As outgoing president James Irving stated in his remarks to the crowd, it has been an important year for the Near Surface Section at SEG, which has shown its growing recognition of the importance of this field with the addition of a special Honorary Lecturer, Rick Miller, and a dedicated SEG staff member, Laurie Whitesell, both of whom were present and recognised by their near surface colleagues. This new focus was also reflected in a record number of submissions to the annual meeting from the near surface field, and the key role of the near surface section in organizing this year's SEG Forum on the topic of Corporate and Academic Social Responsibility.
Irving continued by passing the torch to current president John Bradford, as well as recognizing the newly elected president-elect Remke Van Dam. Warm words of appreciation were shared for the contributions of outgoing vice president Darcy McPhee, whose duties will be assumed by incoming vice president Kristina Keating.
This was followed by the bestowing of the prestigious Harold Mooney Award and the Frank Frischknecht Leadership Award to members who have advanced the cause of near surface geophysics respectively through their scientific innovations or tireless support and leadership. Unfortunately, neither of this year's recipients, Prof. Klaus Hollinger of University of Lausanne or Andrew Binley of Lancaster University, were able to attend the reception - due to their very active schedules of service and research which have earned them these distinctions.
Perhaps the greatest testimony to the passion and idealism of near surface geophysics and its practitioners was the abundance of young faces present. For a society - and an industry - currently facing concerns of "crew change", as an older generation of scientists worries whether a new one will be around to take its place, the near surface field seems to be flush with young blood.
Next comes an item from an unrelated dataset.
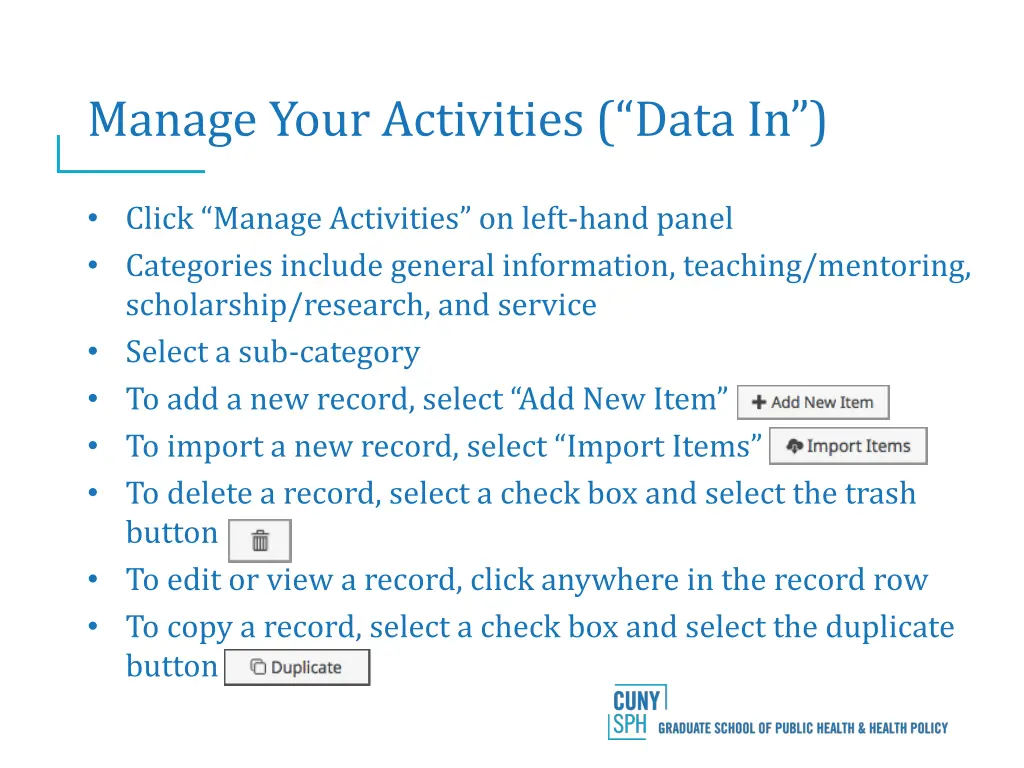 manage your activities data in
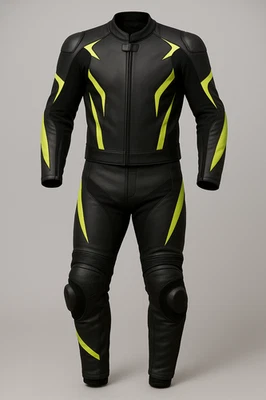 Men’s  2 Piece Motorcycle Racing Leather Suit CE Approved Armors S,M,L,XL - Image 1 of 4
Near surface projects involve such socially responsible endeavors as restoring ecologically damaged sites, unearthing archeological artifacts, conducting forensic analysis and analyzing earthquake geohazards, to name but a few – worthy pursuits for SEG's youngest members, full of passion and drive and a desire to change the world through their science.
None could have said it better than Professor Rosemary Knight of Stanford University in her impromptu acceptance remarks upon receiving Honorary Life Membership in the Near Surface Geophysics section (a rare and exceptional honor for near surface geophysicists who have made invaluable contributions to the support and expansion of this field).
"Near surface geophysics," said Prof. Knight, "is the perfect mix of doing the geophysics that you love and knowing that what you're doing is making a tremendous contribution to people's lives."